Ministerpräsident Horst Seehofer verweigert höchstrichterlich angeordnete Veröffentlichung eines Gutachtens zur Luftbelastung in München und begeht damit „vorsätzlichen Rechtsbruch“ – DUH wirft Regierungschef zudem Verstoß gegen seinen Amtseid vor, der ihn zu „Gehorsam gegenüber den Gesetzen“ verpflichtet

Berlin, 30.6.2017: Im Streit um die Luftqualität in München stellt die Deutsche Umwelthilfe (DUH) mit heutigem Datum einen Antrag auf Festsetzung eines Zwangsgeldes in Höhe von 2000 Euro gegen den Freistaat Bayern. Auf Geheiß des bayerischen Ministerpräsidenten Seehofer widersetzen sich die zuständigen Behörden einem im Februar 2017 ergangenen Beschluss des Bayerischen Verwaltungsgerichtshofs (22 C 16.1427). Der Gerichtshof hatte auf Antrag der DUH angeordnet, dass die Bayerische Staatsregierung ein Gutachten zur aktuellen Luftbelastung in der Landeshauptstadt zu erstellen hat. Dieses Gutachten hätte spätestens am gestrigen 29. Juni 2017 veröffentlicht werden müssen. Durch die Teilveröffentlichung von Ergebnissen des Gutachtens durch den Münchner Oberbürgermeister Dieter Reiter in der vergangenen Woche ist bekannt, dass die Ergebnisse offensichtlich besonders erschreckende Erkenntnisse über die Belastung von ganz München mit dem gesundheitsschädlichen Dieselabgasgift Stickstoffdioxid enthalten. Reiter hatte sich Mitte Juni den Forderungen der DUH nach Dieselfahrverboten ab Anfang 2018 angeschlossen.

„Ministerpräsident Seehofer hat bei Amtsantritt einen Eid abgelegt, der ihn ausdrücklich zum ‚Gehorsam gegenüber den Gesetzen‘ verpflichtet. Offensichtlich hält er die Münchner Bürger für nicht mündig genug, mit den erschreckenden Ergebnissen der von seinem Landesamt gefertigten Luftbelastungsgutachten umgehen zu können. Bisher kannten wir die staatliche Missachtung höchstrichterlicher Urteile eher von Ländern wie Polen. Die mit den bayerischen Autoherstellern MAN, BMW und Audi besprochenen ‚Software-Veränderungen‘ sind gänzlich ungeeignet, etwas an der rechtswidrigen Situation der Luftbelastung in München und an deren massiven Auswirkungen auf die Gesundheit der Menschen zu ändern. Herr Seehofer wird mit dieser Mogelpackung die vom höchsten Bayerischen Verwaltungsgericht für unabdingbar gehaltenen Dieselfahrverbote nicht verhindern können. Im Gegensatz zum Münchner Oberbürgermeister, der den Kampf der DUH für saubere Luft unterstützt und sich für den Vorrang des Gesundheitsschutzes ausgesprochen hat, kämpft Horst Seehofer unverdrossen für schmutzige Diesel“, so Jürgen Resch, Bundesgeschäftsführer der DUH.   

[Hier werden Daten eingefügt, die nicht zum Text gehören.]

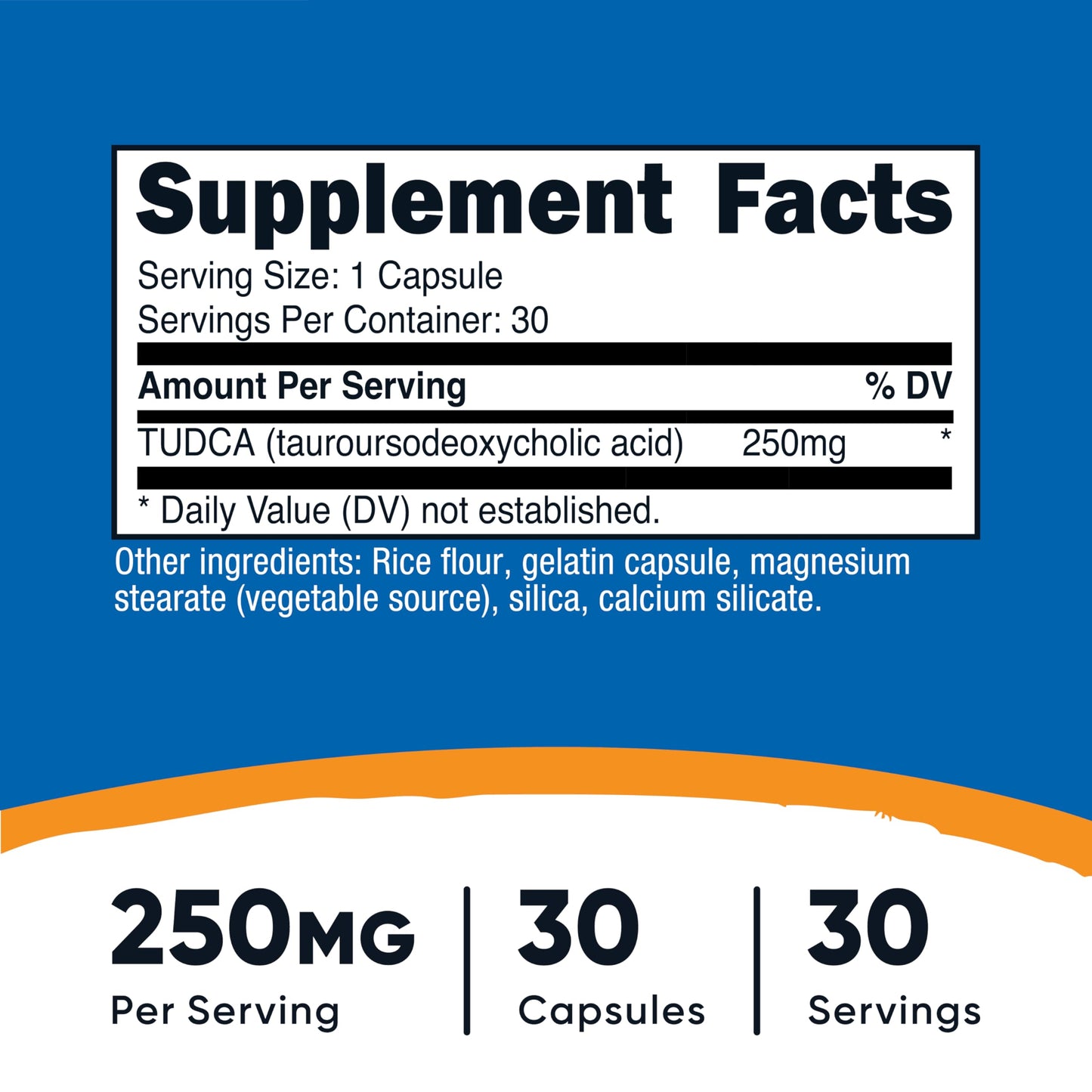 Nutricost Tudca 250mg Capsules, 30 Count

Seit 2005 kämpft die DUH in München und vor bayerischen Gerichten für eine saubere Luft und dafür, dass die EU-weit geltenden Luftqualitätsgrenzwerte für Feinstaub und Stickstoffdioxid (NO2) eingehalten werden. Im Februar dieses Jahres hatte der Bayerische Verwaltungsgerichtshof in einem seit sechs Jahren andauernden und von der DUH rechtskräftig gewonnenen Rechtsstreit abschließend verkündet, dass das für die Luftreinhaltung zuständige Staatsministerium für Umwelt und Verbraucherschutz Vorbereitungen für die Einführung von Fahrverboten zu treffen habe. Als erste konkrete Frist war die Veröffentlichung eines Gutachtens über die aktuelle Luftbelastung in der Landeshauptstadt auch abseits von Landshuter Allee und Stachus bis zum 29.6.2017 der Inhalt. Das Gutachten ist eine von drei konkreten Auflagen zur Vorbereitung eines Fahrverbotes, deren Umsetzung das Gericht mit Fristsetzung festgelegt hatte.

„Eine derartig offene Ignoranz gegenüber einer rechtskräftigen Gerichtsentscheidung ist erschreckend. Erst duldet die Regierung über Jahre klare Rechtsverstöße, jetzt ist ihr sogar eine Gerichtsentscheidung egal. Hier werden grundlegende Verfassungsprinzipien missachtet“, so Rechtsanwalt Remo Klinger, der die DUH in dem Rechtsstreit vertritt.